Social Media Monitoring

Social Media and employment law is a huge area of interest at the moment, given the current and ever-changing online environment we work and live in. It is advisable that employers make themselves aware of the different aspects of social media and the role it can play regarding employment law in the workplace. Having a Social Media Policy in place is hugely beneficial for employers today.

Monitoring & Surveillance

With the advancement of technology, employers can now monitor employees every move as well as internet usage and or e-mail communications quite easily, but it is not clear under the present law whether or not this could be seen as a breach of privacy and the Data Protection Acts, so employers need to be careful.

Social media can come into play in connection with surveillance of workers and the monitoring of employee e-mails and cyber communications. If an employer has in place a policy warning employees that all communications on devices, supplied by the employer or personal, could and would be monitored then it is being made clear to employees that misuse of internet is prohibited.

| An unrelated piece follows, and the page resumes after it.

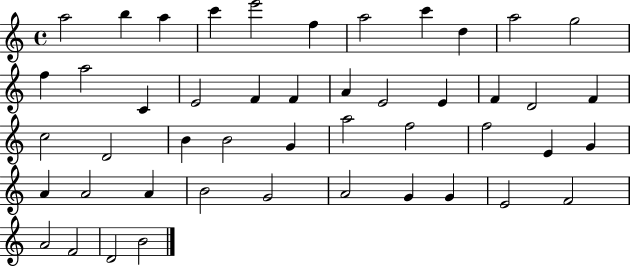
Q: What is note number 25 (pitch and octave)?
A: D4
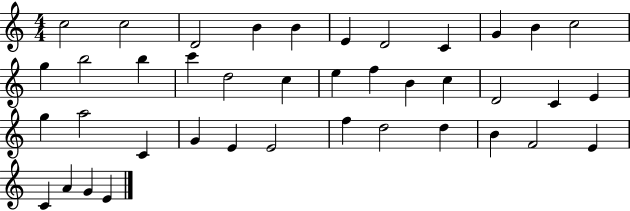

Also a policy needs to be in place to let employees know if monitored CCTV is in operation in the premises or if there is security access, whereby employees need to swipe their personal ID card to gain entry or exit the building, canteen, rest rooms, etc.

Employer policies and actions in relation to monitoring and surveillance of employees must be clear and should only be carried out to give effect to the stated purpose. Monitoring and surveillance in Irish Law in general is governed by the Data Protection Act 1988, as amended in 2003. If an employer wishes to set up monitoring and use the data, it should comply with the principles in this legislation.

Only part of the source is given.